The Mary Idema Pew Library Learning and Information Commons was awarded LEED Platinum status by the U.S. Green Building Council — the highest of four possible levels of certification.

As the first LEED Platinum library in Michigan, the facility demonstrates the university’s commitment to sustainable progress through innovative design and construction.

Planned to be the intellectual heart of the Allendale Campus, the facility was completed and dedicated in 2013. LEED certification is based on several factors, including site sustainability, water efficiency, energy use, materials and resources, environmental quality and innovation in design.

Students studying in the library.

The Mary Idema Pew Library received LEED Platinum status, demonstrating the university’s commitment to sustainable progress through innovative design and construction.

With more than 154,000 square feet of space, the Mary Idema Pew Library is more than double the size of the former James H. Zumberge Library and has triple the seating capacity. The library boasts multiple customizable spaces for both quiet studying and collaborative work, more than 700,000 books, 1 million e-books, an abundance of natural lighting, outdoor work spaces and a Knowledge Marketplace where students can find academic support services.

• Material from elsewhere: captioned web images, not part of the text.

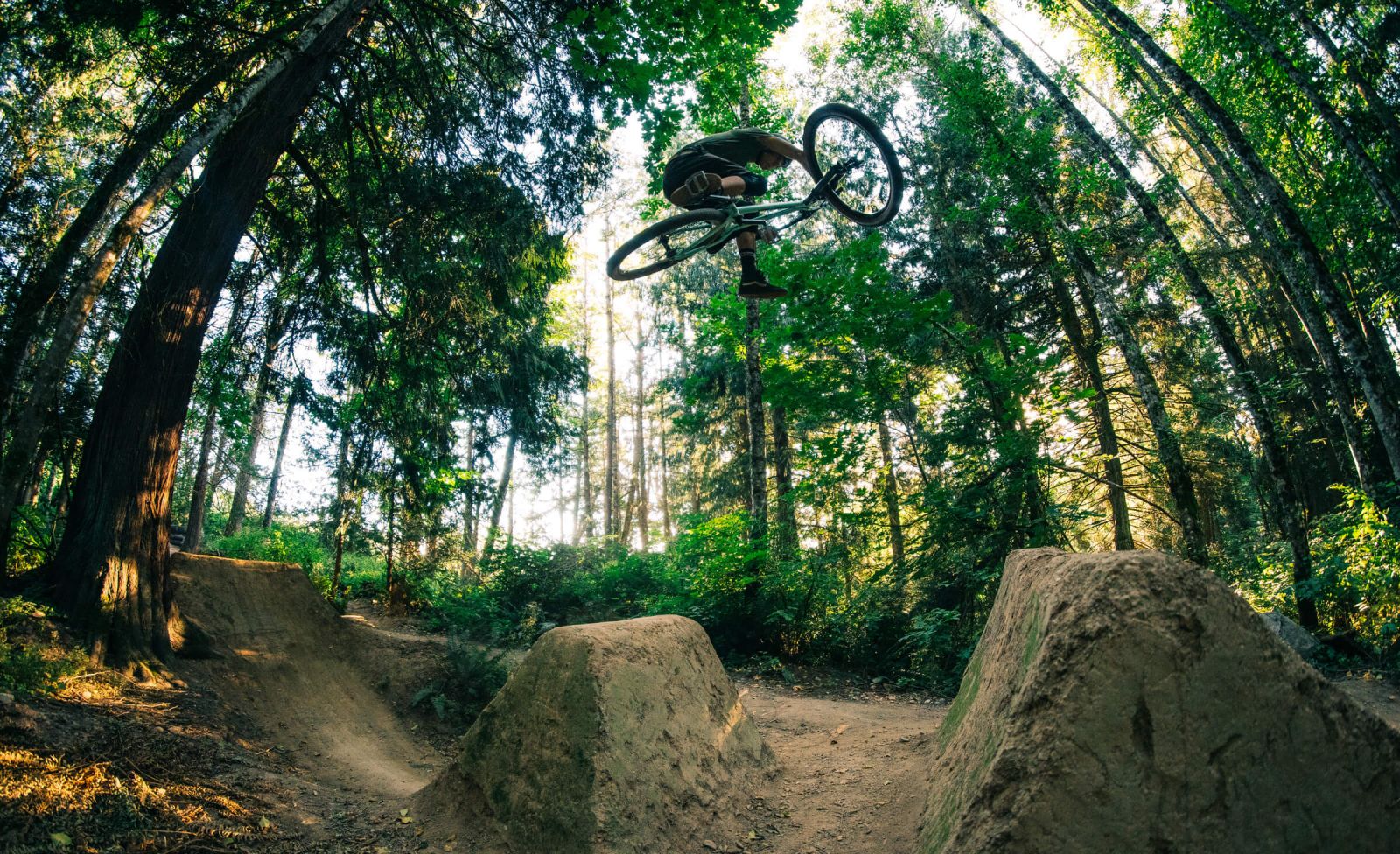 Transition PBJ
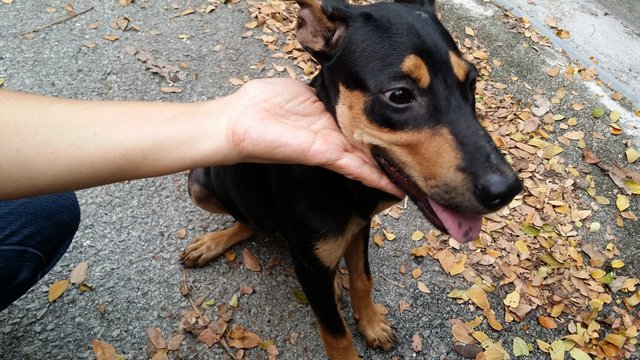 Jacqueline  - Mixed Breed Dog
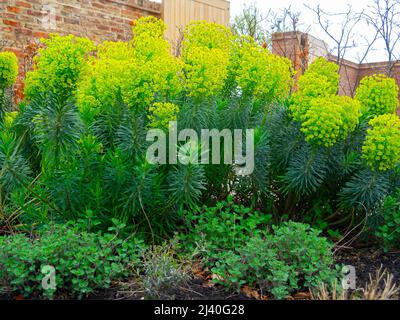 Im März 2022 wurde in einem formellen Garten in North Yorkshire eine Eibenspühne durchgeführt Stockfoto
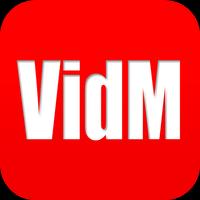 VidMet 截图 1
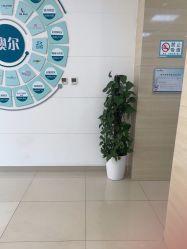 -澳尔颜选医疗美容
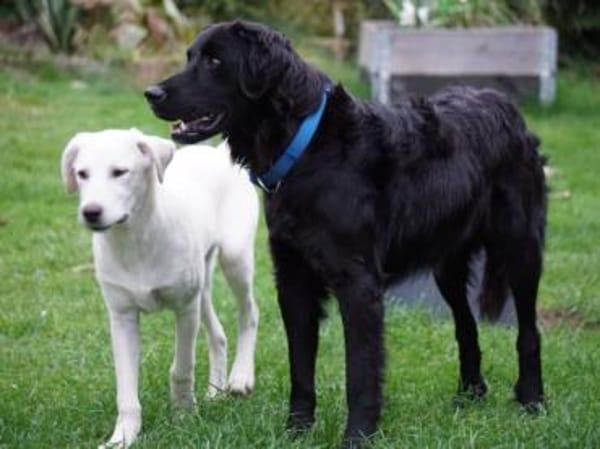 Berto sucht sein Glück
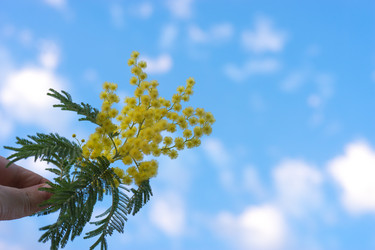 Similar image 21293406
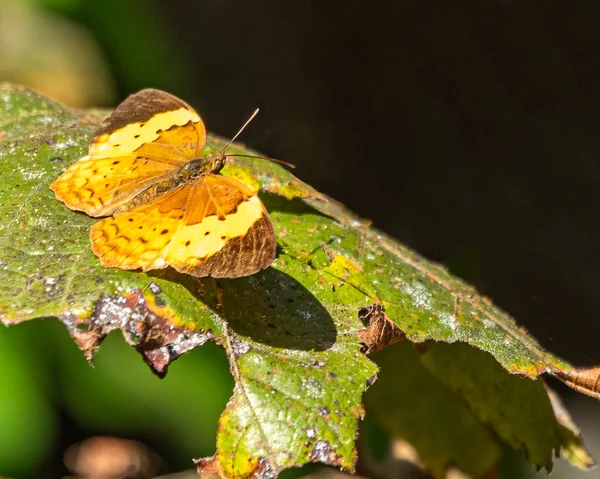 Yaprağın Üzerinde Bir Cupha Kelebeği — Stok fotoğraf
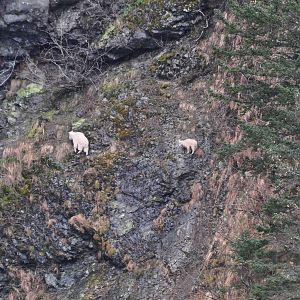 Mountain Goats - Alaska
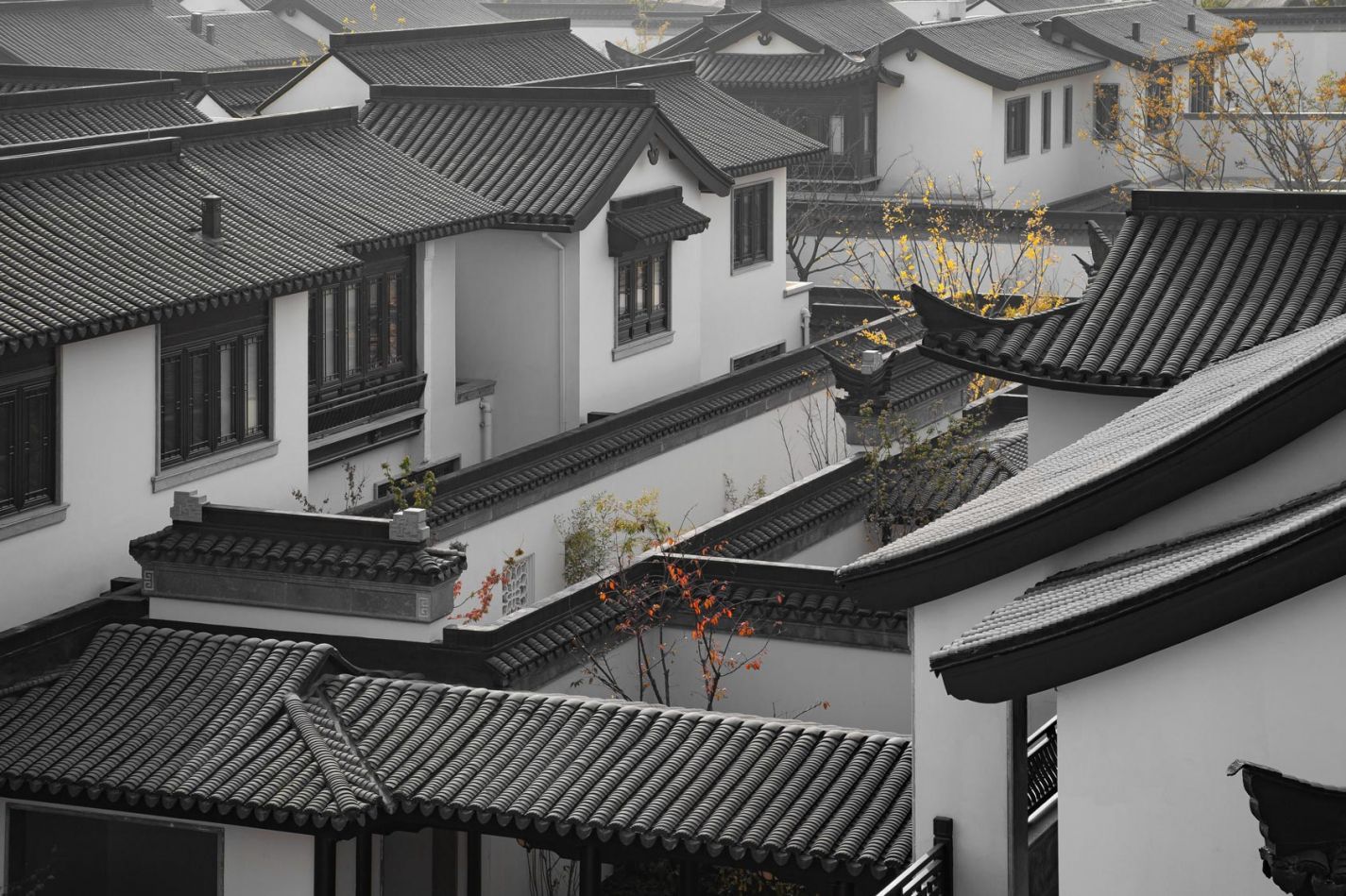 尊龙集团 (中国区)官方网站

New director of MAREC named

Kevin Ricco

Kevin Ricco

Kevin Ricco was named the new director of Grand Valley’s Michigan Alternative and Renewable Energy Center. He succeeds T. Arnold Boezaart, who retired at the end of October after serving as director since 2009.

Since November of 2012, Ricco has served as manager of operations for Grand Valley’s Pew Grand Rapids Campus and Regional Centers. Prior to that, he was Allegan County’s first director of county development where his responsibilities included economic development, Brownfield redevelopment, and parks and recreation and tourism management.

“Kevin’s collaborative leadership style will enable MAREC to enhance its mission as a catalyst for economic development as well as a research and development center,” said Brian Copeland, associate vice president for Business and Finance. “We’re grateful for Arn’s leadership. He effectively opened the doors of the MAREC facility to the community and led the way in business development and many research activities.”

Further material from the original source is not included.